Foi até uma imprudência esta batida ao feroz tigre; eu não tinha cachorros próprios e os companheiros falharam-me à última hora, alegando cada qual a sua razão; um que tinha de arrancar batatas, outro que a mulher estava para cada hora, outro que fincara um estrepe no pé enfim, deixaram-me sozinho, justamente quando ali perto, à vista, o tigre urrava tremendamente, como desafiando!

Pois fui, sozinho: eu e a minha faca de mato; apenas por segurança, para ter o alarme certo, levei um gato num cesto, porque o gato é um animal muito elétrico e de longe já sente a catinga do tigre, e dá logo sinal que não engana, nunca. Se é de dia, fica de pêlo eriçado e duro, como arame, e mia duma forma muito particular; são dois miadinhos curtos e um comprido, dois curtos e um comprido; se é de noite, apenas bufa e lambe as barbas, ficando então o pêlo fosforescente, como vaga-lume. É claro, pois, que quem leva gato não corre o risco de ser surpreendido por tigre; muito antes deste aproximar-se já o caçador está avisado e tem tempo de sobra de preparar-lhe a espera.

Deste fato, creio mesmo que e que nasceu a expressão vulgar de que - quem não tem cão, caça com gato.

Com estas distrações e outros que fazeres, passou-se o tempo; de vez em quando e sempre com pesar e saudade, Lembrava-me da desaparecida Tetéia.

Dediquei-me então a ensinar um cachorrinho, filho dela, o seu retrato escrito e escarrado, que me havia ficado.

Há dias - meses passados - levei o cachorrinho ao campo, para exercício.
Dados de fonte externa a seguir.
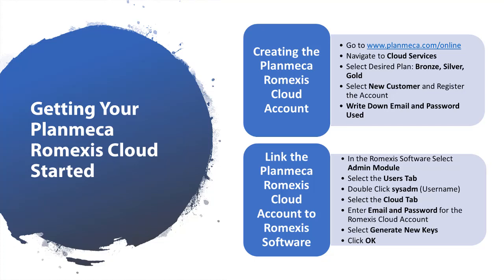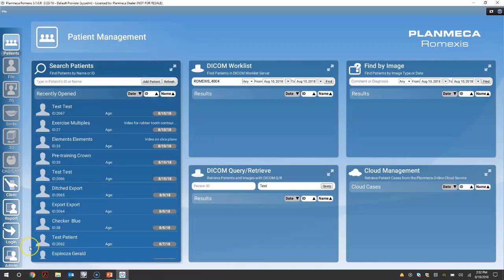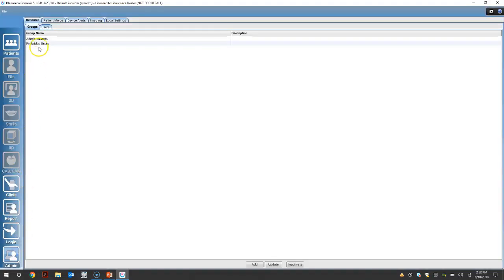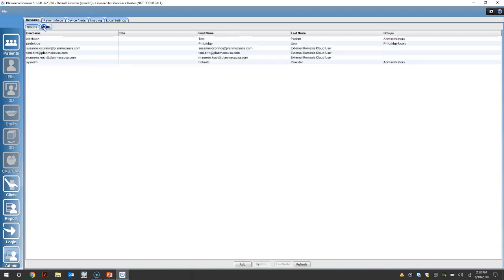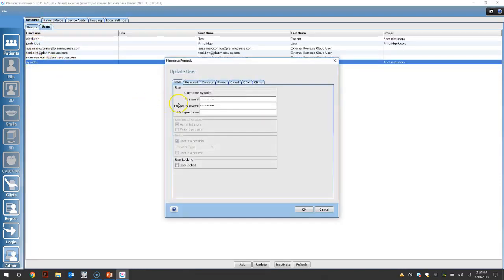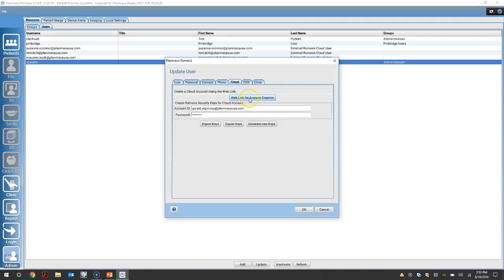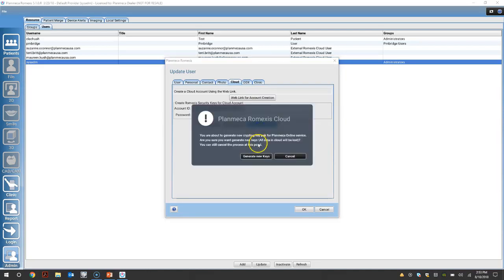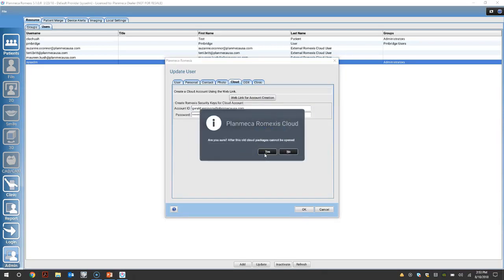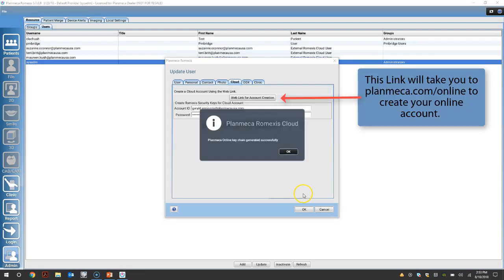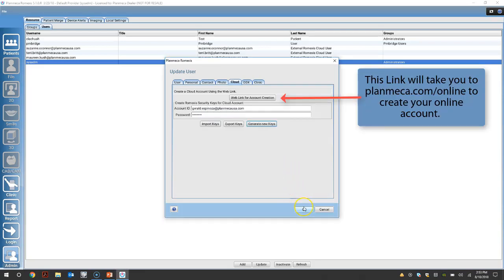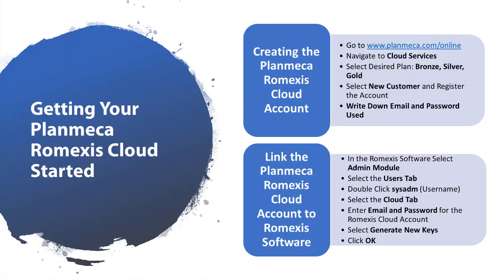I will show you how to link the Planmeca Romexis Cloud account to the Romexis software. I already created my account, so let's link the software. Go to the admin module. Select the resource tab. Select the user tab. Select the SYSADM and select cloud. Here's where you'll enter your email and password. Select generate new keys and just continue to click through the pop-ups. The link above will take you directly to create your account. Here you'll see the written instructions how to create your Romexis Cloud account and link in the software.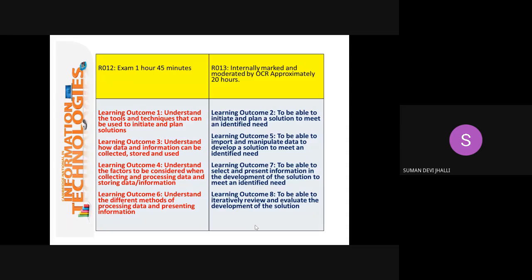RO12 is an exam that lasts one hour 45 minutes. The learning outcomes are: one, understand the tools and techniques that can be used to initiate and plan solutions; three, understand how data and information can be collected, stored, and used — which we have already started to do; four, understand the factors to be considered when collecting, processing, and storing data — also done at an intermediate level; and learning outcome six, understand the different methods of processing data and presenting information. For example, whilst creating spreadsheets to present data, you created graphs.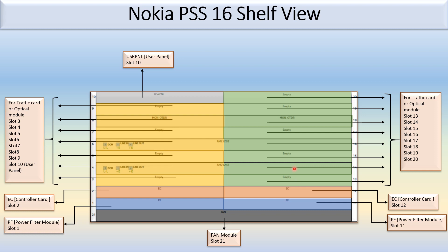So this is all about the Nokia PSS 16 shelf view. Thank you.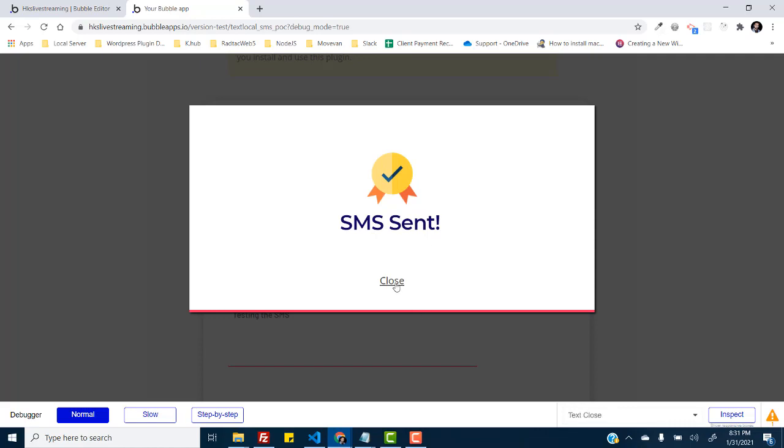So this is how you can configure the text local bubble plugin with your application and send messages to your customers or users, whoever you want to.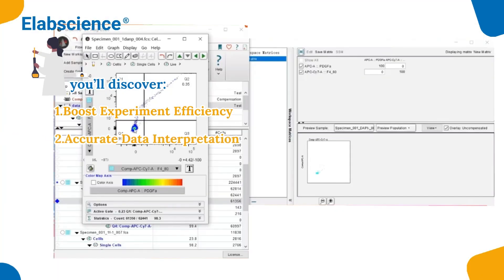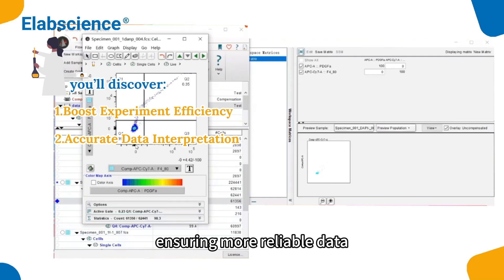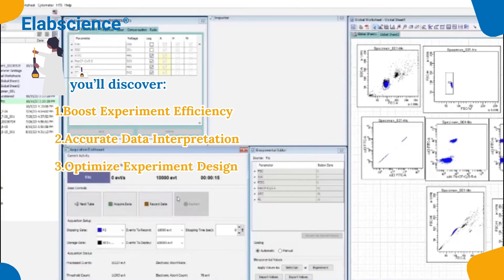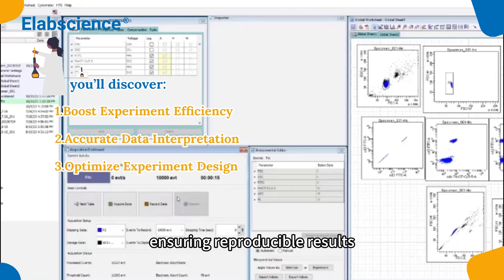Accurate data interpretation: master fluorescence compensation to correct for spectral overlap between fluorophores, ensuring more reliable data. Optimize experiment design: dive deep into panel design to handle complex marker and fluorophore choices, ensuring reproducible results.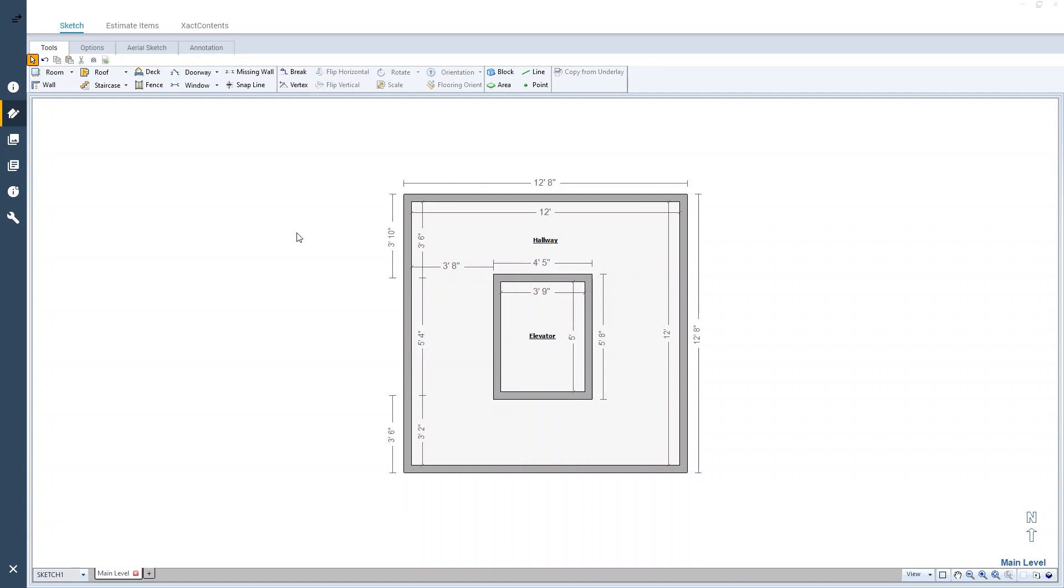And done. I've created a room in the center of another room and the outer room will calculate as if it were one.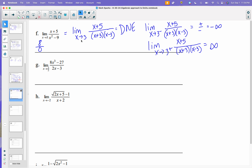Let's pick up where we left off in class. On this next problem, when you look at this, if you plug in 3 halves, you will get 0 over 0. So there's some simplifying we can do. If you notice up here, this is the difference of 2 cubes.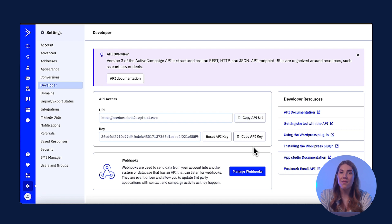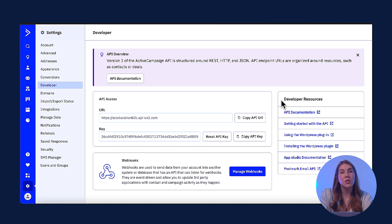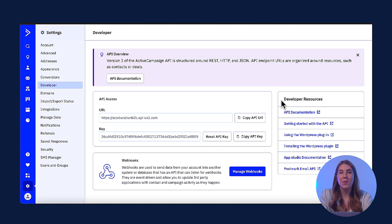In the event that your API information has been compromised, you can reset your key here. If you're a developer, check out our ActiveCampaign developer portal, which is linked below in the description. This is where you can find the ActiveCampaign API documentation, support, and a community of developers.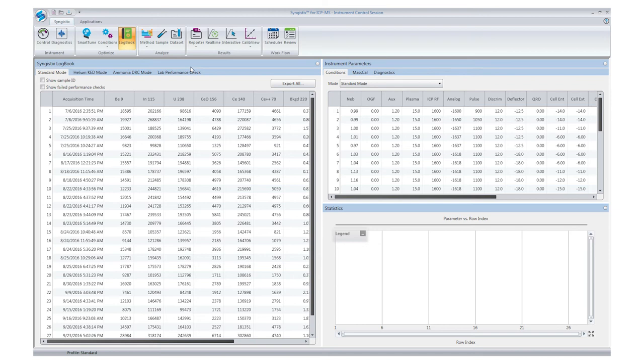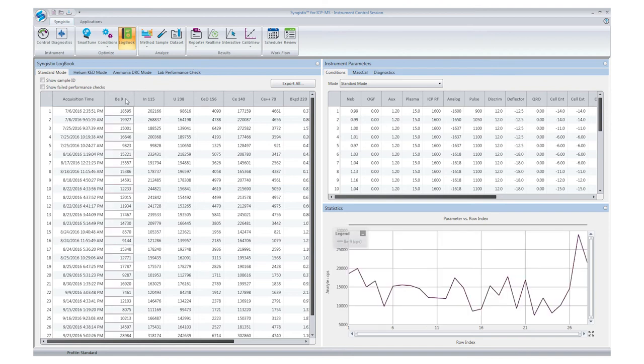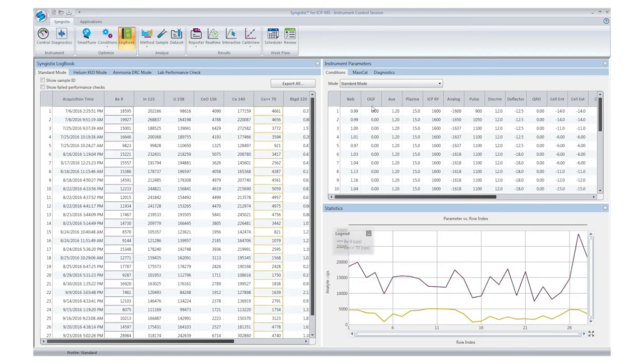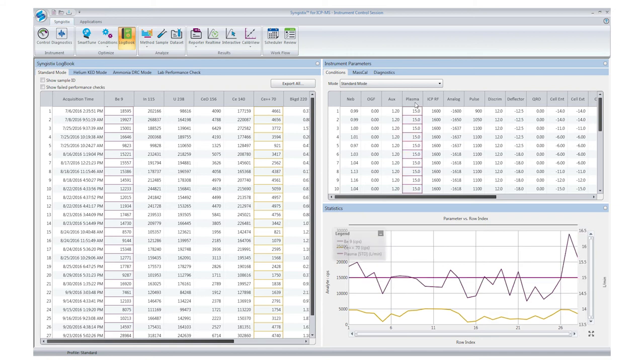To chart any parameter, just click on the column header. Up to two different units can be plotted on the y-axis at a time. In this example, counts per second is on the primary axis, and power is on the secondary y-axis.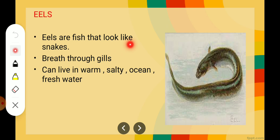Next is eels. Eels are fish that look like snakes — they are basically a fish but so thin that they appear to be like a snake. They breathe through gills, like fishes. They can live in warm, salty, ocean, and fresh water. In every type of water they can live — whether it's salty water, a freshwater body, or the ocean, everywhere they can live.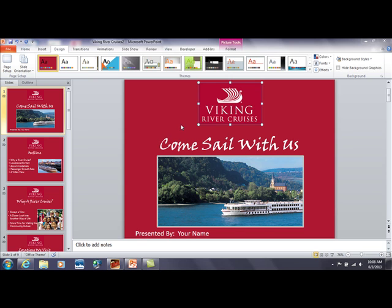I wanted to show you a little more insight into matching colors between the color you find on this Viking River Cruises logo. That color comes with it, and what you want to do is match up the background color of the slide so that it appears seamless between where this color ends and the slide background begins. Let me give you a heads up on how to do that.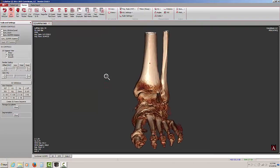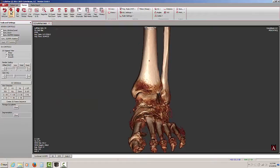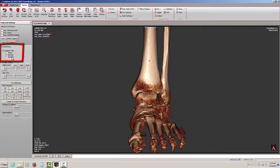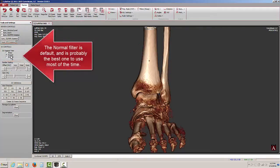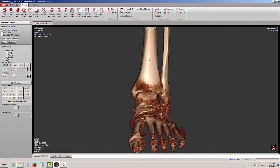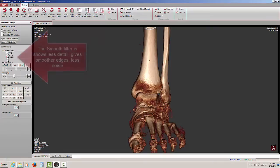Another control I have available under 3D controls is the 3D dataset filter. By default, it's set on normal and that's probably the best place to keep it. But depending on if you have a clean scan or not, you might want to experiment with either smooth or sharp filters.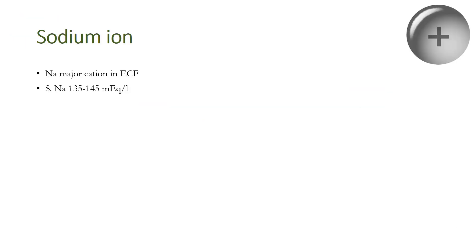Sodium is the major cation in the extracellular fluid. Serum sodium levels normally are 135 to 145 milliequivalents per liter, and hyponatremia is defined when serum sodium falls to less than 135 milliequivalents per liter. The types depend on the volume of the extracellular fluid.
E andando, andando, sem dar por tal, fui ter ao lugar certo daquela malfadada caçada em que se sumiu a minha maravilhosa perdigueira.

E, dum lado para outro, eis senão quando, o cachorrinho pára, amarra, levanta a pata, sacudindo a cauda! Chego-me, toco-lhe com o joelho, e quando espero que o totó vai levantar a perdiz, ele volta-se para mim, desarrumado, humilde, com os olhos arrasados de lágrimas... Surpreso, dei três passos, estiquei o pescoço e vi.

Vi, sim, o esqueleto da Tetéia ainda de coleira, firme, correto, na posição de amarrar; adiante, um esqueleto de perdiz, na posição de preparar o vôo; ao lado, num ninho quase desfeito, sete esqueletinhos de filhotes, na posição de piar, com fome!

Querem mais claro? E agora, cousa notável, foi ainda o faro filial que guiou o cachorrinho e fê-lo descobrir e chorar perante os ossos da mãe!

Pois, e então?

A cachorra do Münchausen será acaso superior à Tetéia? Só se for porque ele era um barão, e eu sou apenas o Romualdo.